22日、世界最大級の旅行クチコミサイト「トリップアドバイザー」日本語版が正式オープンした。トリップアドバイザーは米国を起点に、現在までに7カ国6言語でサービスを展開。日本は8番目の拠点で、同サイト初のアジア進出となる。同日行われた発表会では、サービス概要や同サイトの特徴などが紹介された。
トリップアドバイザー グローバルコミュニケーション バイスプレジデント ミシェル・ペリー氏 |
はじめに米本社バイスプレジデント ミシェル・ペリー氏がサイトの概要について説明。同サイトは、旅行会社やホテルにより提供される情報ではなく、旅行者の視点を最重要視した情報提供をしようという考えのもと、2000年に設立。同種のサービスを買収しながら、現在は月間のユニークユーザー(UU)数2,500万ユーザー、会員数600万人という世界最大級のオンラインコミュニティとなっている。

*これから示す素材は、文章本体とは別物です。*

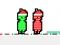 Red and Green Christmas — free online game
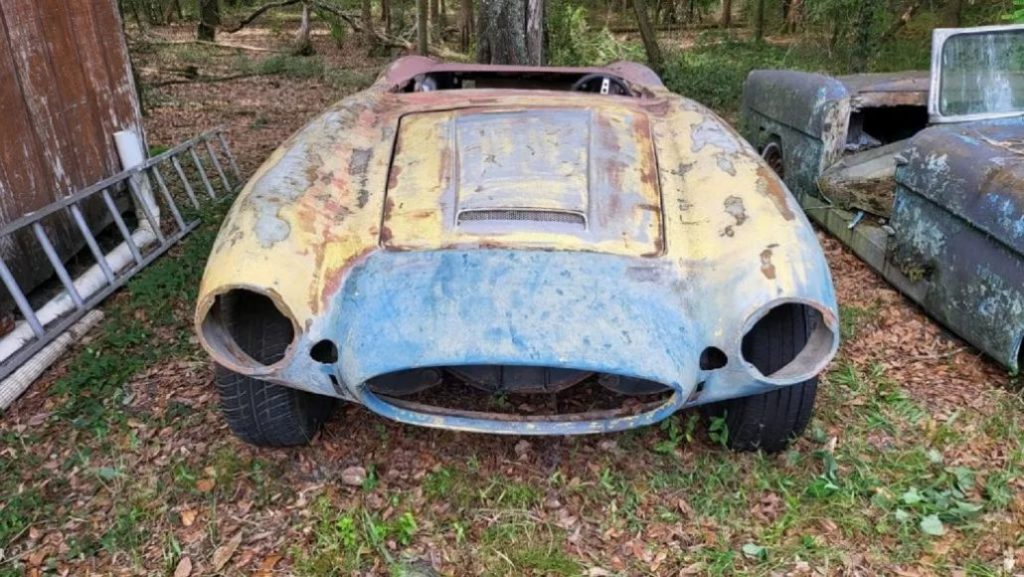 For Sale American Handcrafted Cars Undiscovered Classics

掲載されているクチコミ情報数は2,000万件(10月23日発表)に達し、コンテンツの幅が非常に広いため「同じ好みを持っている人からの情報を通じ、自分の関心に近い情報を見つけられる」(ペリー氏)という。
日本市場への参入については、「日本は世界でも第2の旅行産業市場。加えて、ネット環境やCGMが発達していることから、旅行のクチコミ情報サイトは受け入れられやすい環境」(同氏)と判断。日本市場が大きなチャンスだと考えていることを明らかにした。
トリップアドバイザー日本法人 代表取締役 山本考伸氏 |
続いて、日本語版サービスの責任者で同社日本法人の代表取締役 山本考伸氏より、同サイトの現状と戦略について説明が行われた。同サイトは7月より試験サービスが運用されており、現在までのUU数は約79万人、日本語のクチコミ情報数は4万4,000件に達している。山本氏はこれについて「うれしい驚き」であり、「これからもユーザー数を伸ばし、既存の大手旅行サイトと並ぶぐらいに成長できれば」と述べた。
また現在、海外ホテルの予約・比較サイトを運営するアップルワールドと提携し、「アップルワールド.com」が保有する6万件以上のクチコミ情報をトリップアドバイザーに表示。より多くの情報を提供するとともに、アップルワールドへの予約を促すことで、ユーザーおよび両サイトにとって利点のある提携となっている。サイトオープン記念として、クチコミを投稿者を対象にJALマイルやホテルクーポンなどをプレゼントするキャンペーンを実施。より情報を充実させるための戦略を進めている。
同サイトでは、ユーザーからの投稿をコンテンツチームのチェックを経て掲載する仕組みで、「内容には自信を持っている」(同社マネージャー 萩原祥吾氏)とのこと。また、有用な情報を多数投稿してくれたアクティブユーザーを同サイト公認の「旅の達人」に任命。サイト内のフォーラム「旅の質問箱」において、ユーザーからの質問に答えたりアドバイスを行い、ユーザー間のコミュニケーションを促進していくねらい。現在、日本語版においては5名が任命されているが、2008年度中に15~20名まで増やす予定だ。
「国内には旅行のクチコミ情報を提供する大手サイトがあるが」という問いに、山本氏は「(トリップアドバイザーは)目的地のホテル・観光地・レストランなど、情報をカテゴリごとに検索しやすい形にアレンジ」しており、これにより「他のサイトとは異なる価値を提供できるのではないか」と、日本の市場で独立した地位を獲得していきたい考えを示している。